Yet, in discussing ways to phrase a request (4), the writer assumes that he and his reader share a certain amount of common knowledge. He refuses to accept the alternative, “It is imperative...,” because he believes that the reader will recognize the importance of the request the writer is making:
Obviously, it is imperative that he sign both copies but I don’t think I would choose that particular type of phrasing for it. We’re dealing with a professional sales representative and we’re supposed to be professionals; it’s implied that both copies have to be signed before it’s valid. “Imperative” would seem like too strong a word in this particular context....
A moment later in his interview, the writer reveals a strategy for evaluating an alternative, a strategy that entails asking himself how he would react to a given phrase in a particular context (4):
If I heard that, “it is imperative that you sign...” something that obviously is going to be done, my response would be nervousness, or some other thought.
In commenting on the fifth alternative [the form he will use in referring to himself (5)], the writer seems, at first, to be guided only by a simple stylistic rule:
You should basically stay away from too much of “I, I, I” in a business type of letter. That’s a mistake.

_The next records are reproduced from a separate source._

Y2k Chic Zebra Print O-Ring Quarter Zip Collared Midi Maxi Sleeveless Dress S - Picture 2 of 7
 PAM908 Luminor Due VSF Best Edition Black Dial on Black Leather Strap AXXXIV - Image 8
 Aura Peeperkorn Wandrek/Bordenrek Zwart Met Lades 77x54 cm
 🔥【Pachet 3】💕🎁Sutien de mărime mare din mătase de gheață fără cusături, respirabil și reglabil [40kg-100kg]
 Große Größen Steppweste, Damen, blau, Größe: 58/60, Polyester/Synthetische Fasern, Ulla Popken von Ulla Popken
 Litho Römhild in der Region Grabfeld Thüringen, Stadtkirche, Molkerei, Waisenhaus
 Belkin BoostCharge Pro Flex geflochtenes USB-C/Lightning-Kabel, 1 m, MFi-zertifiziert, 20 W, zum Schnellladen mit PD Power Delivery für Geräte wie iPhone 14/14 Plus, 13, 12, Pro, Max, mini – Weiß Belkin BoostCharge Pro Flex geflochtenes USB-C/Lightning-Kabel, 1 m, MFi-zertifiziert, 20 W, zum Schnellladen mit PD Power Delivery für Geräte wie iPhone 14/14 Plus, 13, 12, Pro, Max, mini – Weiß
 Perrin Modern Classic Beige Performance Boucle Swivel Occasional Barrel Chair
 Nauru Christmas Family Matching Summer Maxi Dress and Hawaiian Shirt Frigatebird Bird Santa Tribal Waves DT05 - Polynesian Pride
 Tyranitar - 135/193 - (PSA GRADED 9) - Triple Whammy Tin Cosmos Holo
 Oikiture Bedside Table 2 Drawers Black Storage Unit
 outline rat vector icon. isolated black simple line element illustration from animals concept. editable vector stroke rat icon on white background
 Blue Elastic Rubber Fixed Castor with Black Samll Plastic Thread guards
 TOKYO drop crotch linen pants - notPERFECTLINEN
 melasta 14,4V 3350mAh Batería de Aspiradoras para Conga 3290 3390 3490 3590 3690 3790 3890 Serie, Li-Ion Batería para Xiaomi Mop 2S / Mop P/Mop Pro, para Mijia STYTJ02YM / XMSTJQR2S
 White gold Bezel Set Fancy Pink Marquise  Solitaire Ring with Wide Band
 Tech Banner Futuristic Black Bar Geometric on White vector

Yet, he immediately goes on to relate his preference for “We are looking forward...” because of his sense of his relationship to his company and his reader. The writer points out that using “I” in this context implies that the reader is:
Dealing one to one with me as opposed to me as a representative of Amalgamated Products as a whole. He understands perfectly well what’s going on here, but [using I] is a little bit presumptuous on my part.
We cannot, of course, argue that the business executive consciously considered the relationship between himself, his company, and the reader while he was actually writing his letter. Although we did not observe the executive’s composing process, we would expect that several of the alternatives mentioned previously were chosen with little or no apparent deliberation. Indeed, because the executive was an experienced writer and this was not a terribly unusual task, we assume that the task of writing this letter was eased somewhat by knowledge that the writer may not have explicitly formulated while writing the letter, knowledge about the subject, the audience, and the strategies that were most likely to prove effective.
Information about this knowledge is interesting, because in part, it may help us test discourse theorists’ claims about ways in which considerations of audience and purpose are important for writers. Furthermore, this information has practical implications. For example, the Ron Bunch letter and interview transcripts are from a study conducted by David Lauerman and his colleagues (personal communication) at Canisius College in Buffalo, N. Y. As part of their effort to design an advanced composition course for students in business, Lauerman and his colleagues have collected an extensive writing sample from executives in several different businesses and have interviewed these executives using the procedures we have described. As a result of this work, Lauerman is able to create writing tasks that actually reflect some of the rhetorical demands students will encounter in their careers. Further, interview materials from the study frequently serve as a basis for class discussion. For example, students are frequently given a piece of writing comparable to the Ron Bunch letter. Students are asked to decide which alternatives seem most appropriate to them and then compare their choices and reasoning with those of the original writer.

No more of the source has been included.